La TRT migliora sensibilmente il desiderio sessuale, la massa muscolare e il benessere psicofisico. Tuttavia, non è priva di rischi: può causare un aumento dei globuli rossi (policitemia), ritenzione idrica e richiede un monitoraggio periodico della prostata tramite PSA e visita urologica.

Trattamento per la fertilità

In pazienti con ipogonadismo secondario che desiderano avere figli, il testosterone esogeno è controindicato poiché sopprime ulteriormente la produzione di spermatozoi. In questi casi si ricorre a:

  • Gonadotropine (hCG e FSH): Iniezioni che stimolano direttamente i testicoli a produrre sia testosterone endogeno che spermatozoi.
  • Modulatori selettivi dei recettori degli estrogeni (SERM): Utilizzati talvolta “off-label” per stimolare la produzione naturale di ormoni nell’ipogonadismo funzionale.
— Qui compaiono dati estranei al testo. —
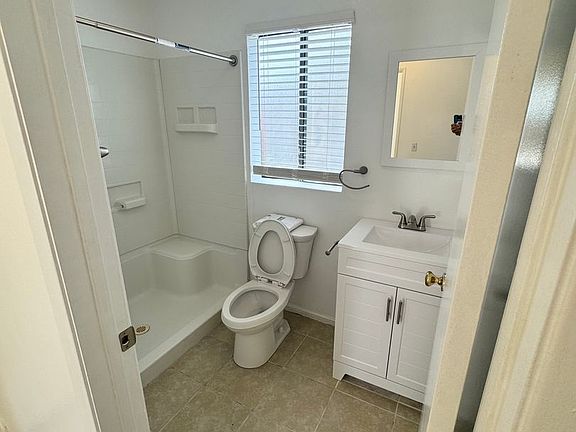 4th image of 65-67 S Santa Cruz St #65B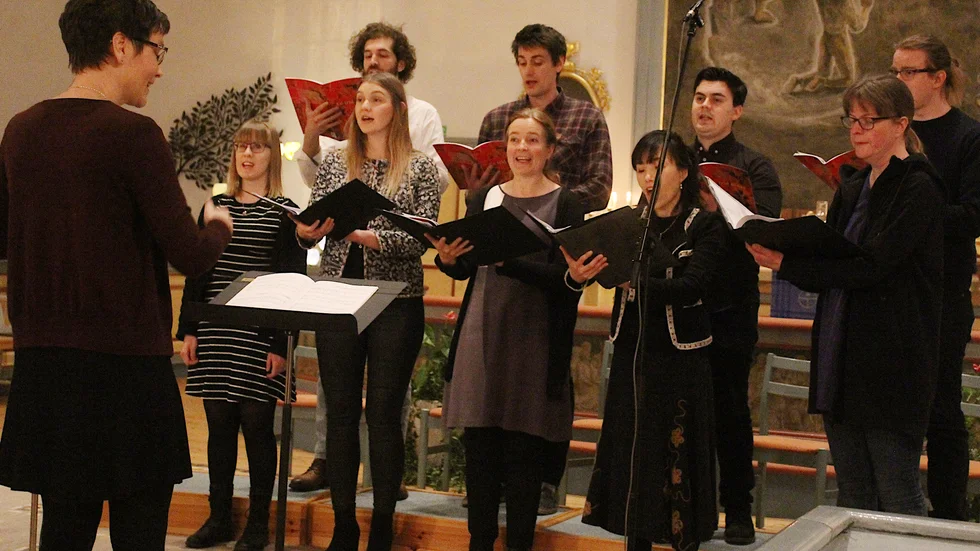 Blivande kantorn Annelie Pettersson, till vänster, ordnade en kyrkokonsert på hemmaplan tillsammans med sina studiekamrater på Oskarshamns folkhögskola.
Gestione dello stile di vita

Per molti uomini con ipogonadismo legato all’età o all’obesità (ipogonadismo funzionale), il miglioramento dello stile di vita rappresenta la terapia di prima linea:

  • Perdita di peso: Una riduzione significativa del peso corporeo può, in molti casi, normalizzare i livelli di testosterone senza necessità di farmaci.
  • Esercizio fisico: L’attività contro resistenza (pesi) e aerobica migliora la sensibilità insulinica e supporta la funzione ormonale.
  • Sonno e dieta: Garantire un riposo adeguato e una dieta bilanciata ricca di micronutrienti è essenziale per la produzione ormonale ottimale.

Controindicazioni e monitoraggio

La terapia ormonale è generalmente controindicata in pazienti con tumore della prostata o della mammella in atto, insufficienza cardiaca grave non controllata o apnea notturna ostruttiva severa non trattata. Una volta iniziata la cura, il paziente deve sottoporsi a controlli regolari (solitamente a 3, 6 e 12 mesi, poi annualmente) per monitorare i livelli di testosterone, l’ematocrito e la salute prostatica.